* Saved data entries

········

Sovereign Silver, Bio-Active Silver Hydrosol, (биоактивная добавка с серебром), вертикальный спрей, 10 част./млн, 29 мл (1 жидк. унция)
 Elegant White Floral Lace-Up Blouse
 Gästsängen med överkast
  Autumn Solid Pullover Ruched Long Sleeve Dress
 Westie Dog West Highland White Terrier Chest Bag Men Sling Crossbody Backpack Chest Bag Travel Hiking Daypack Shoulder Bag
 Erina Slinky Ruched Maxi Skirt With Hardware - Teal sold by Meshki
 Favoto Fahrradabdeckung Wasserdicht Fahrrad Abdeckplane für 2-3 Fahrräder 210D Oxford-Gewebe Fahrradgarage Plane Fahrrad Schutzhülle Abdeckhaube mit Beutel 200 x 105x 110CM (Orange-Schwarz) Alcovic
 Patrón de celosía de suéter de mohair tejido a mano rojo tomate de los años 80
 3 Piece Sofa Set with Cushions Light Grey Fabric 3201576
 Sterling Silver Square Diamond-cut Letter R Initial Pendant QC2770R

········

* DIRECTIONS
If a line in the data holds the string "Ruched", copy that line.

* SOLUTION
  Autumn Solid Pullover Ruched Long Sleeve Dress
 Erina Slinky Ruched Maxi Skirt With Hardware - Teal sold by Meshki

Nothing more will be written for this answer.